I would like to ask why is that happening? What does the fact that both appear to work, suggest about their relationship? I did not mention the underlying assumptions (because I am not quite sure), therefore, I would like some help in identifying mathematically those.

Thank you for your time.

*Some further information regarding $ \boldsymbol{x}_{i} $, $ \boldsymbol{y}_{i,j} $, $ \boldsymbol{x}_j $ and their relation:

$ \boldsymbol{x}_{i} $ is the position of some node in 3D space. Assume that this node is emitting one single impulse signal. $ \boldsymbol{y}_{i,j} $ is the measurement of that signal from another node (namely node $ j $), whose position is "known" to us.
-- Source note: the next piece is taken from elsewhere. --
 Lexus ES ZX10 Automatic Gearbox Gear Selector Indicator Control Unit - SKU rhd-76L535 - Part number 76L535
A measurement depends only on the distance between the transmitting and the receiving node (the model of this dependency is the same for all receiving nodes). Therefore, given some measurement $ \boldsymbol{y}_{i,j} $ and the position of the receiver $ \boldsymbol{x}_j $, there is a distribution about where $ \boldsymbol{x}_{i} $ is.
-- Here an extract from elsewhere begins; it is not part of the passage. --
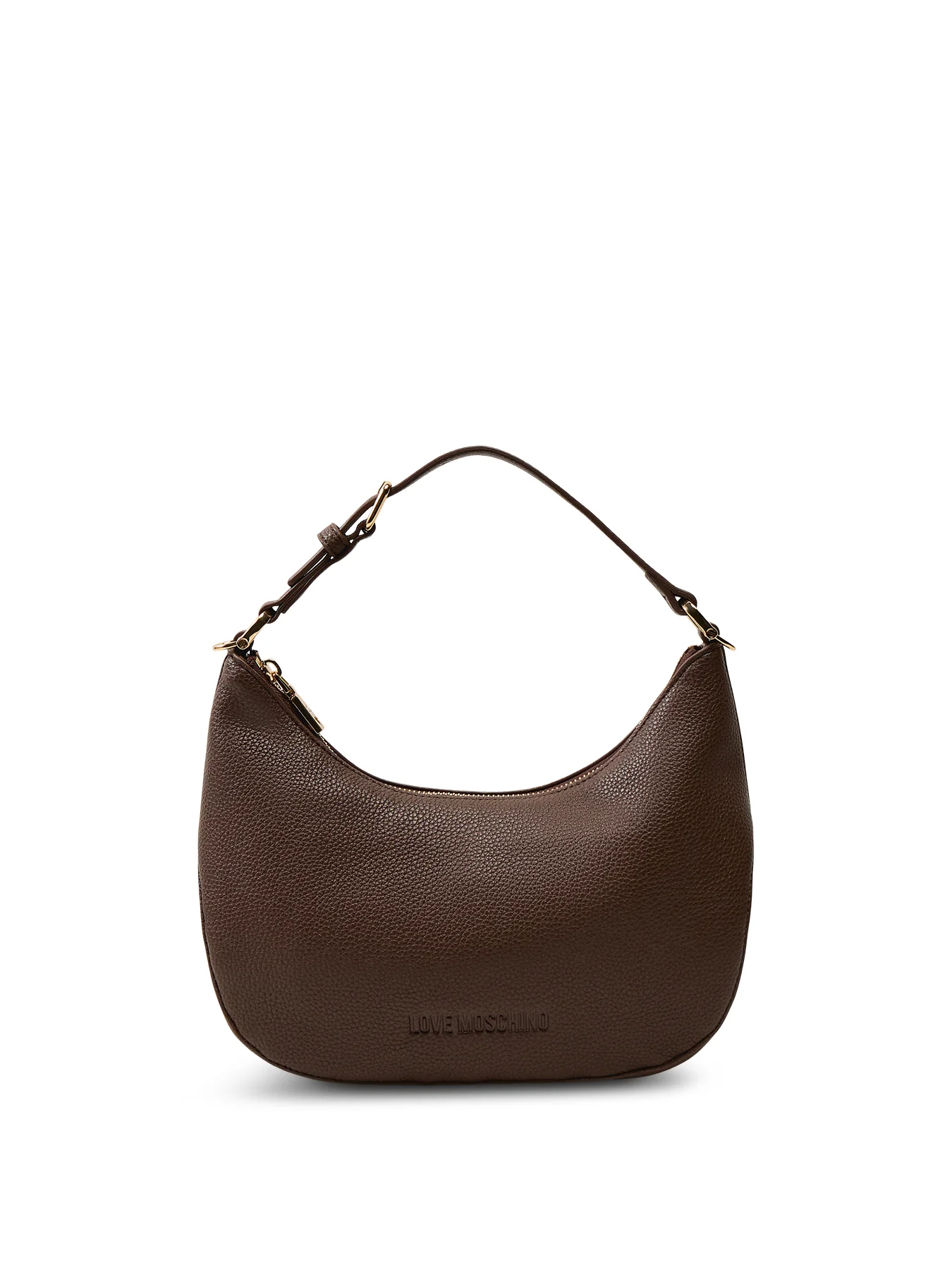 Giant Crossbody Crescent Bag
The following graph depicts my system where my actual goal is to find the best position estimation for all nodes $ \boldsymbol{X} $ (their positions are independent to each other) because, in fact, I do not have any prior knowledge about them (the knowledge gets built iteratively via my optimization process).

System

So in fact, after optimizing $ \boldsymbol{x}_{i} $, I continue optimizing iteratively one by one all the rest of $ \boldsymbol{x}_{j} $'s (which become the new $ \boldsymbol{x}_{i} $ on each step) using the previous estimations of the $ \boldsymbol{x}_{j} $'s when available (else I am using a random position). I have practically seen that this method converges to a correct solution where nodes are in a relative reference system (since my initial positions are random) placed.